Files
kernbench2/docs/adr-ko/ADR-0015-dev-component-port-wire-model.md
T
ywkang a796c1d2f7 ADR: bilingual structure — EN canonical in adr/, KO mirror in adr-ko/
Establish English as the canonical ADR language with Korean translations
held in a parallel docs/adr-ko/ tree as derived artifacts (1:1 mirror).
Promotion from adr-proposed/ to adr/ now writes English to adr/ and the
Korean to adr-ko/; bidirectional sync rule documented in CLAUDE.md.

- Migrate 30 ADRs in docs/adr/: 28 Korean-only translated to English,
  2 bilingual pairs (ADR-0020, ADR-0023) consolidated (.en.md suffix
  dropped). ADR-0023 EN regenerated against KO source which had newer
  HW Realization Notes (D16-D23) section.
- docs/adr-history/ left frozen by design (transitional state).
- CLAUDE.md (Part 2): update ADR Lifecycle for 4-folder layout, mark
  docs/adr-ko/ as a Derived Artifact, add ADR Translation Discipline
  section covering bidirectional sync, conflict resolution (EN wins),
  and proposed-language freedom.
- tools/verify_adr_lang_pairs.py: new verification tool checking pair
  completeness, filename mirroring, ADR-ID match, Status byte-equality.
  Pre-commit hook intentionally not added; run on demand or in CI.
- tests/test_verify_adr_lang_pairs.py: 11 cases including CRLF/LF
  normalization, em-dash title separator, underscore-slug edge case.

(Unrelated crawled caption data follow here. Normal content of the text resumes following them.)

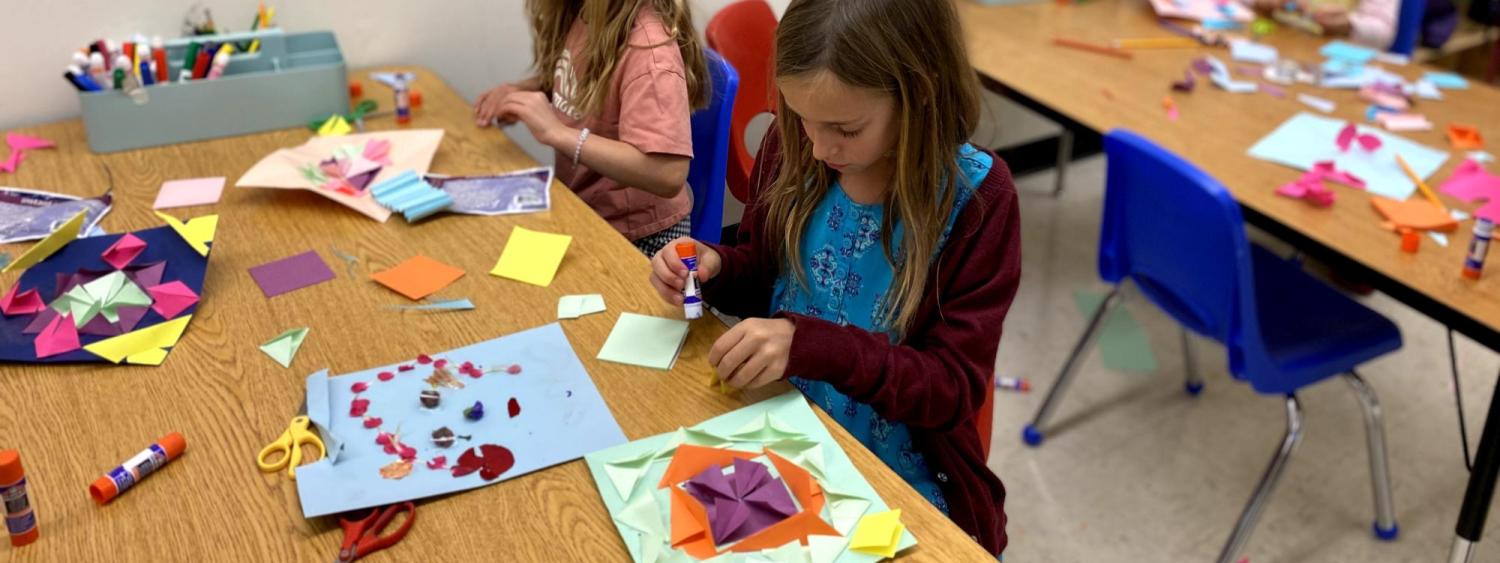 child doing nature craft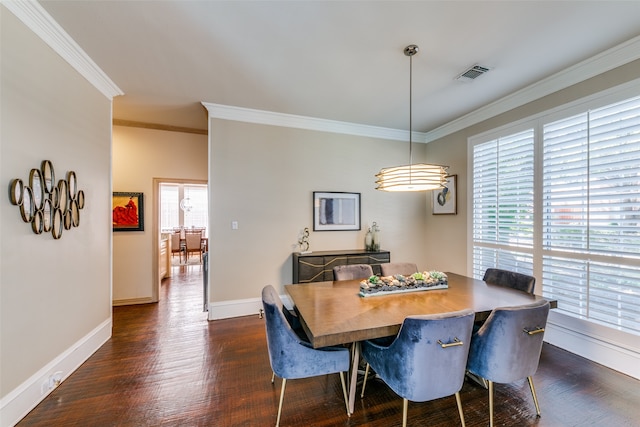 dining area featuring dark wood-type flooring and crown molding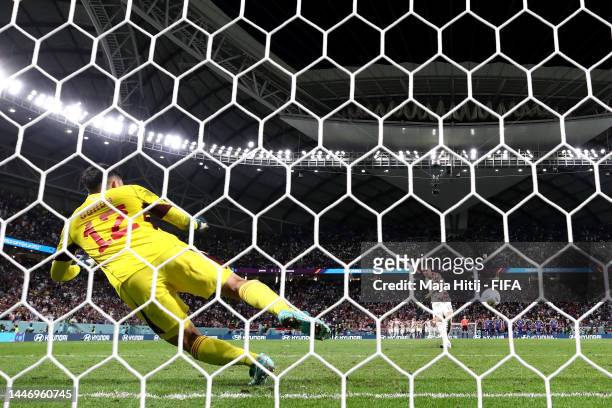 Mario Pasalic of Croatia scores the sides winning penalty in the penalty shoot out past Shuichi Gonda of Japan during the FIFA World Cup Qatar 2022...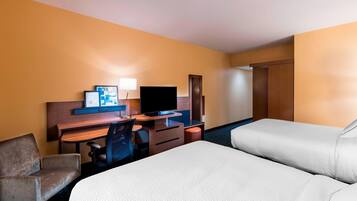 Een hotelkamer met twee bedden, een bureau met een televisie, een stoel en een kledingkast.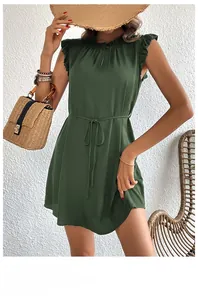 Close-up of sleeveless green dress featuring ruffled sleeve edges and waist drawstrings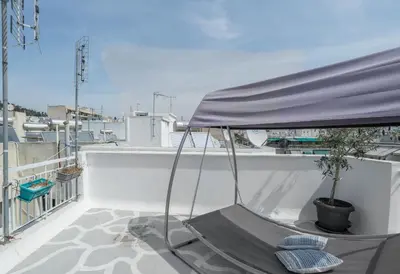 a porch with a hammock on a roof at Island in the sky! Acropolis and city views! in Athens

Co-Authored-By: Claude Opus 4.7 (1M context) <noreply@anthropic.com>
2026-05-20 01:38:44 -07:00

6.3 KiB

ADR-0015: Component Port/Wire Model and Fabric Routing

Status

Accepted

Context

Realistic hardware modeling — queues, contention, fan-out — requires that components own fabric traversal while the simulation engine handles only initialization and completion observation. Direct method calls between components, or path-walking inside the engine, defeat queueing and contention semantics.

This ADR defines:

  • how components communicate via typed port queues,
  • how propagation delay is modeled (wire processes with BW occupancy),
  • the fabric paths for Memory R/W (M_CPU bypass) and Kernel Launch (via M_CPU),
  • the engine's reduced role (wire init + completion observation only),
  • M_CPU.DMA as an internal subcomponent of M_CPU.

Decision

D1. Component port model

Each component has typed input/output ports modeled as SimPy Stores:

in_ports:  dict[str, simpy.Store]   # keyed by source node_id
out_ports: dict[str, simpy.Store]   # keyed by destination node_id

Ports are created at engine initialization based on graph edges. Each directed edge (src → dst) results in:

  • src.out_ports[dst] — the sending end
  • dst.in_ports[src] — the receiving end

D2. Wire process (propagation delay + BW occupancy)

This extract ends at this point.